Discussion in 'Primary' started by sysky, Oct 9, 2011.

  1. For a 'relatively recent' term it has been around for a very long time! I have found phonics teaching called 'synthetic' in late nineteenth century 'How to Teach Reading' books.
    I don't think anyone has tried to prove that your results are wrong. Your results are fine and congratulations (though wasn't it meant to be every child a L5 reader?)
    What I, personally, am querying is your inaccurate and unsubstantiated statements about SP.
     
  2. To the Original Poster: I withdraw from this charade - i simply cannot descent to this level of stupidity. I have sent you a personal message.

    Eddie
     
  3. Msz

    Msz Established commenter

    Did you look at the National Curriculum level descriptors?
     
  4. I was taught to read using synthetic phonics in the early 1960's so there is certainly nothing new about it.
     
  5. If you accept that written symbols are encoded sounds then "phonics" has been around since writing began.
     
  6. I felt compelled to write just to inform you that this thread was sent out as part of the TES subscription newsletter. Every teacher that subscribes will have just read your insulting (not to mention subjective and uneducated) comments. I must thank you for the enjoyable 'comedy' thread though!
     
  7. Yes, but the ultimate convincing
    argument that an easy spelling system does indeed matter is the
    comparison between Swedish-speaking Finns and Finnish-speaking Finns
    done by Taksin Nuoret,
    a university student. Both linguistic groups receive the same kind of
    education, yet the Finnish Finns do much better on PISA tests!

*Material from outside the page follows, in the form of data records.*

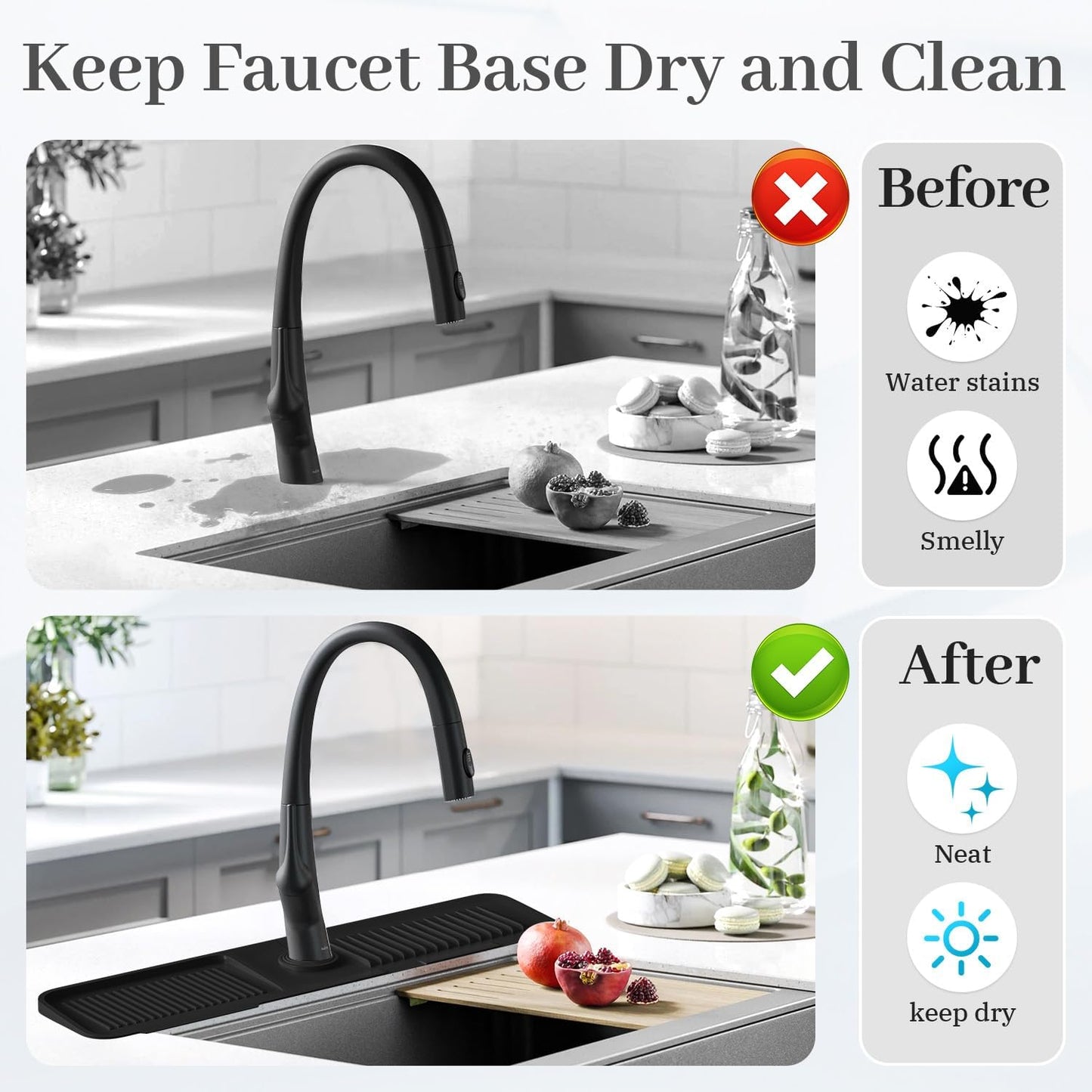 JEREMYTIS™ Silicone Faucet Mat 💧🧽 – Foldable Splash Guard & Sink Organizer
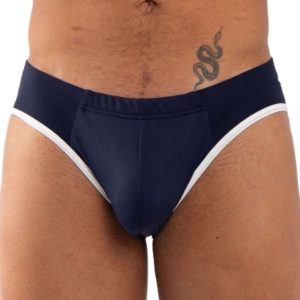 Burn Slip 020 Navy – sensuele mannenslip met transparante details Burn Slip 020 Navy – sensuele mannenslip met transparante details - Afbeelding 1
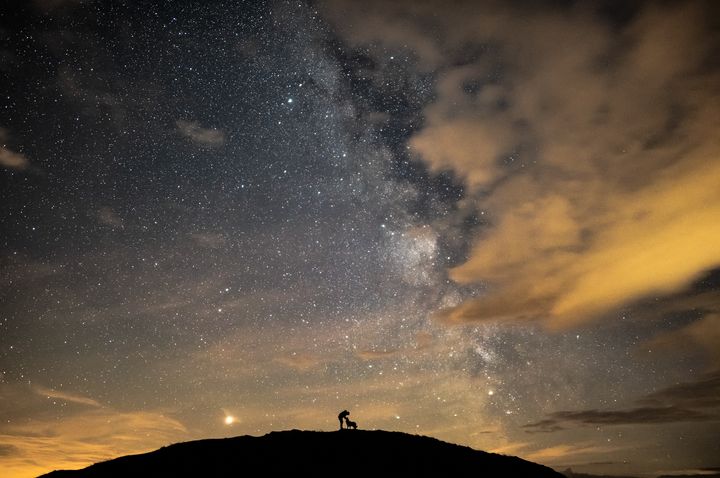 Ben, Floyd & the Core, by Ben Bush.The image depicts the photographer and his dog, Floyd, surrounded by Mars, Saturn and the galactic core of the Milky Way galaxy. As his constant companions, the photographer often tries (and fails) to capture his dogs at night. With this shot the shutter speed was reduced to 10 seconds to allow to keep Floyd still – the photographer whispered ‘don't move, don't move, don't move’ to Floyd for the whole 10 seconds.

Even Estonian kids do
    better than many! It is my view that Mr. Nuoret makes a
    bit of a mistake in his analysis, when he compares other countries that
    do have a fairly easy spelling system like Italy and Spain. Since the
    students of this country did not do as well as, say, English speaking
    students, then he generalizes and states that the "correlation between
    spelling and Pisa results is weak". But, Italian and Spanish
    educational systems are vastly different than Canadian or Australian
    systems. Are the budgets for Italian education the same as the one in
    Canada? How many hours are devoted in language or spelling studies in
    Canadian schools compare to Italian schools? There are, in other words,
    so many factors that could tip the scale and compensate for the
    shortcoming of a difficult spelling system. It is worth noting that the
    test takes place at age 15, at which time, English-speaking students
    (and others) have had plenty of time to learn how to read all of those
    crazy words. I think Mr. Nuoret is unaware of the amount of energy and
    money spent on ensuring that the stereotypical English-speaking student
    reads. Nevertheless, Mr. Nuoret makes another claim, namely that finnish
    morphology is also much simpler. The Finnish morphology argument is
    less compelling in my view because the author doesn't compare Swedish
    morphology with Finnish morphology, although he does it to
    languages that use Latin and Greek prefixes and suffixes. His argument
    about how in Finnish similar concept words are derived from a base or
    root word seems valid, however. The example in his blog is compelling. Still, it would seem that an easy spelling system would naturally make learning to read and spell be easier too! While -5 + 9 = 4, 2 +2 = 4 is easier! It is true that the former is more interesting, the latter is much easier to learn and teach, unless one teaches that in K classes now! :)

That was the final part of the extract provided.